Your reply should set down word for word each line below from the one with "Continue doing this" through the final line, both included, but none of the pictures.

<<<<

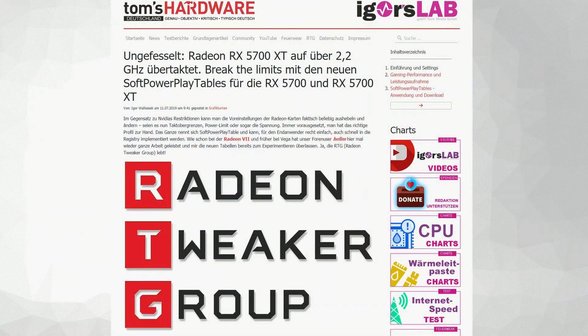Navi is here now, and we were told it was going to be a little bit more tricky — turns out, not really. Igor over at Tom's Hardware Germany, Igor's Lab, did it on his YouTube channel. We'll link that down in the description below. He took the power play tables and applied them to his Radeon RX 5700 XT.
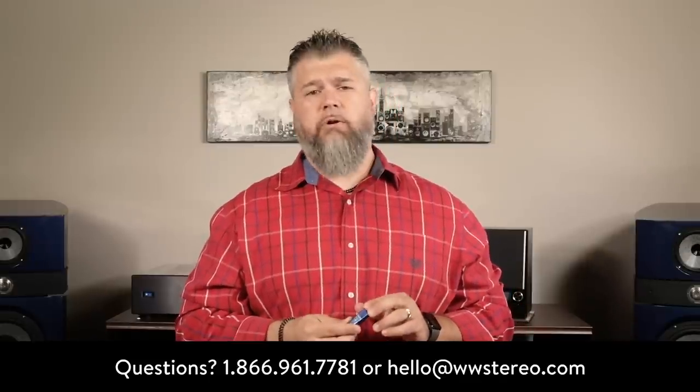Please remember to subscribe to our YouTube channel. This is Adam with Worldwide Stereo, reminding you to listen to music every day. So long.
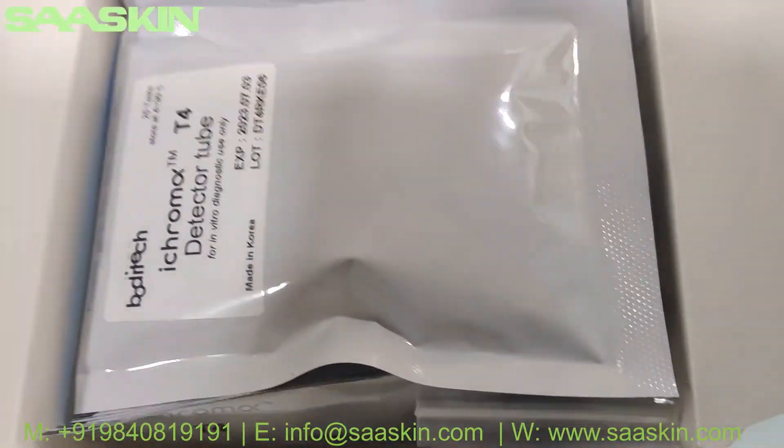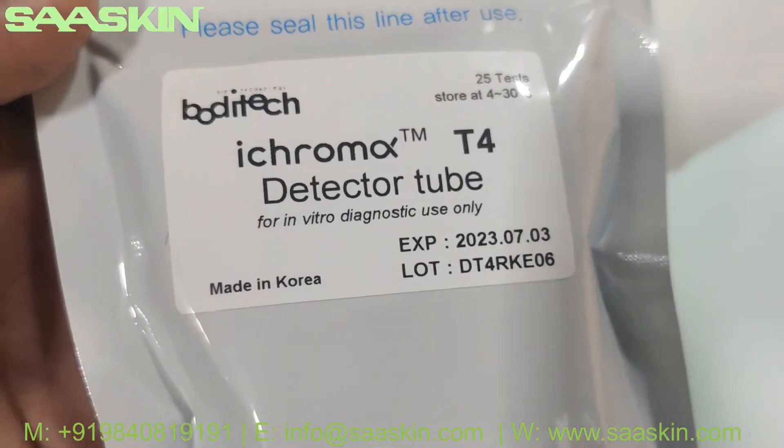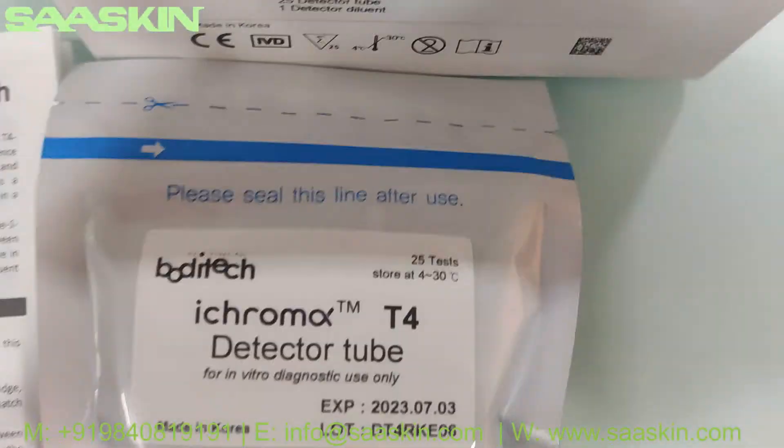Further inside, you have 25 detector tubes — this is a sealed pack of 25 detector tubes.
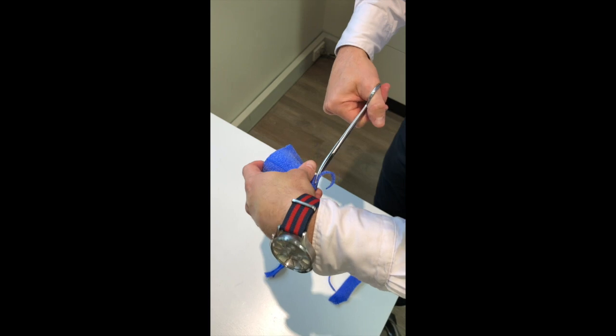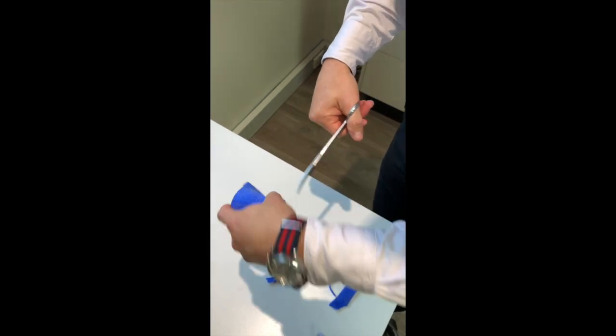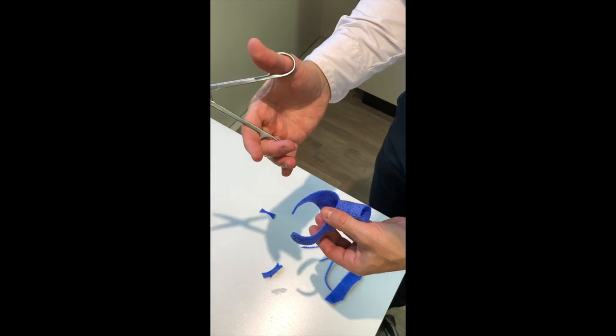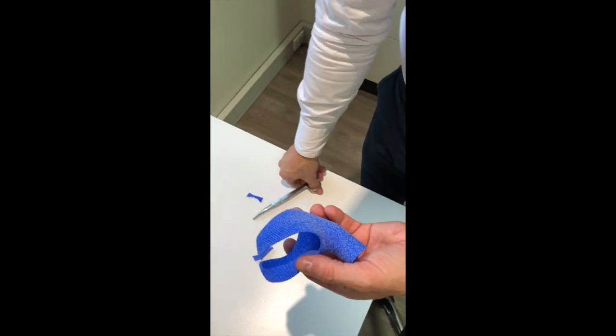You can see how easily I'm cutting this product, which actually is quite rigid — cutting it with a very simple pair of curved scissors. It's quite a user-friendly product.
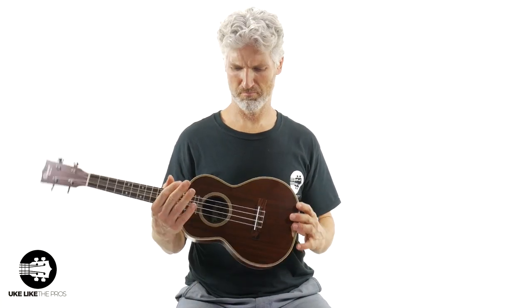A little 'Summertime' for you — just a great song for this particular ukulele. These are really cool. These are the Ohana TK39s.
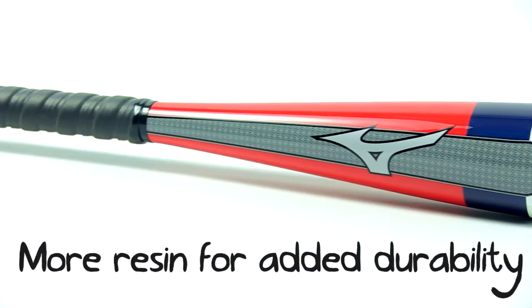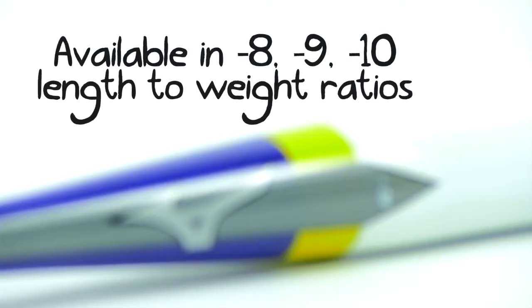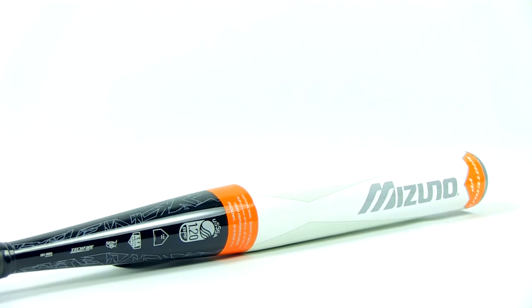This particular Whiteout features a minus 10 drop, but that's not the only drop it's made in. It's also made in an orange minus 8 drop and a yellow minus 9 drop. See for yourself — you can order these at JustBats.com today for fast, free shipping, and remember, from click to hit.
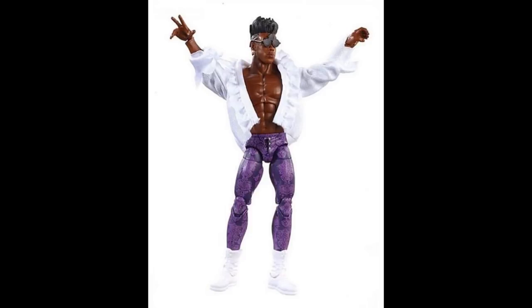Next up we have another epic figure — Velveteen Dream — and this figure looks absolutely incredible. I was waiting to see what it looked like fully painted, and it looks even better. I love the sheen and purpleness of the tights, love the boots choice, and I love that we're getting a cloth white shirt — we can use that for Constable Corbin customs or Brood customs. He has his signature hands. I might switch the torso with a Shelton Benjamin torso because the super jacked look might not fit perfectly, but we'll see when we get it in hand.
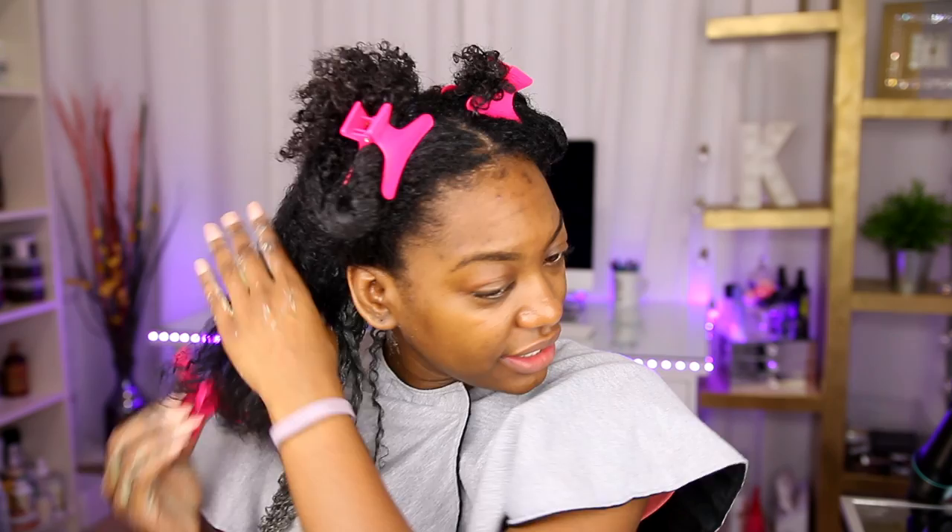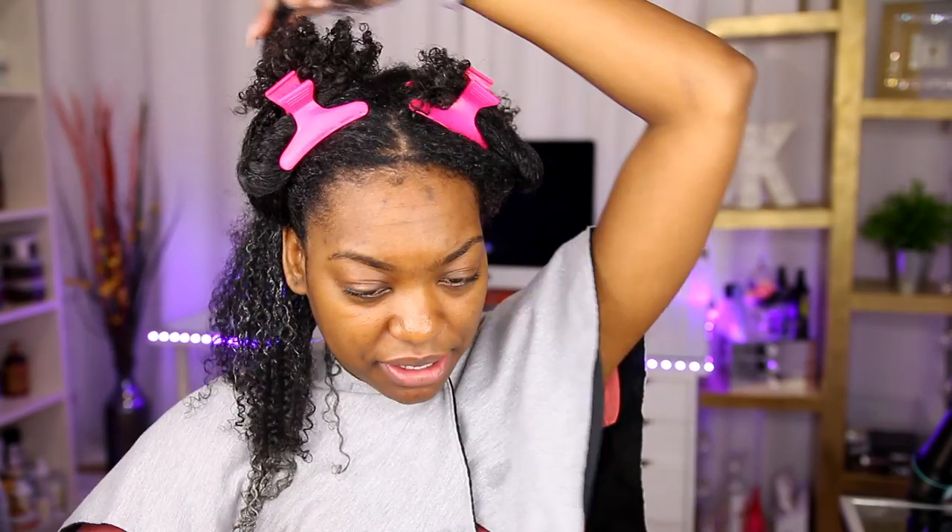Continue doing this throughout your entire head and make sure you're actually getting it in there. I know this can be messy, but you really want to coat all of your hair with this product because it is going to cleanse your hair and give your hair a reboot. Take your time and make sure you're working it in, even on your roots — it's definitely good for your roots as well. It's not going to strip your hair. It will get hard, and that's how you know to take it out, but it does not leave your hair feeling dry.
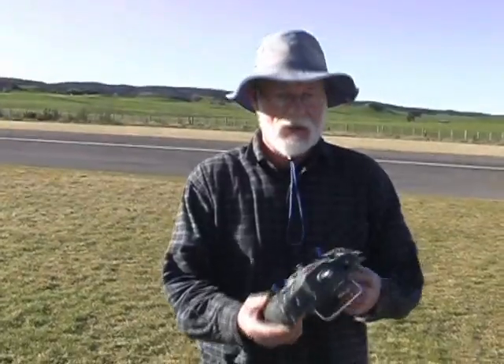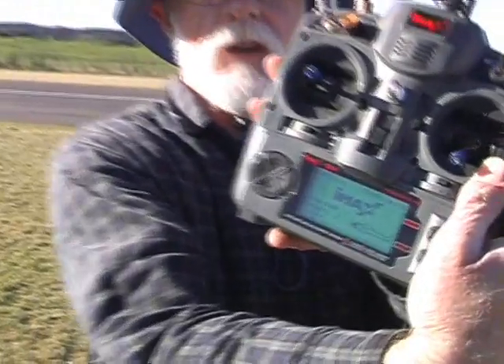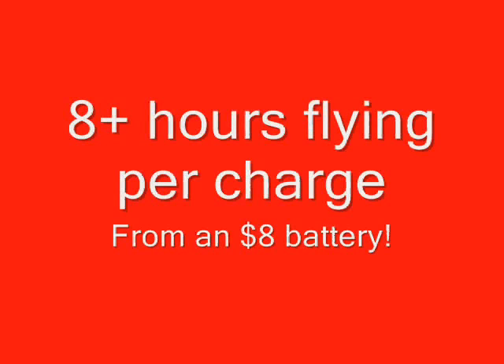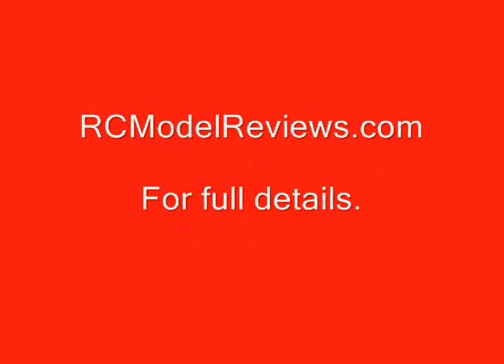Okay, well that seems to work, and the battery still says 9.9 volts. I reckon we'll get at least three or four days flying out of this.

>>>>

Result of this exercise –
Continue doing this throughout your entire head and make sure you're actually getting it in there. I know this can be messy, but you really want to coat all of your hair with this product because it is going to cleanse your hair and give your hair a reboot. Take your time and make sure you're working it in, even on your roots — it's definitely good for your roots as well. It's not going to strip your hair. It will get hard, and that's how you know to take it out, but it does not leave your hair feeling dry.
Okay, well that seems to work, and the battery still says 9.9 volts. I reckon we'll get at least three or four days flying out of this.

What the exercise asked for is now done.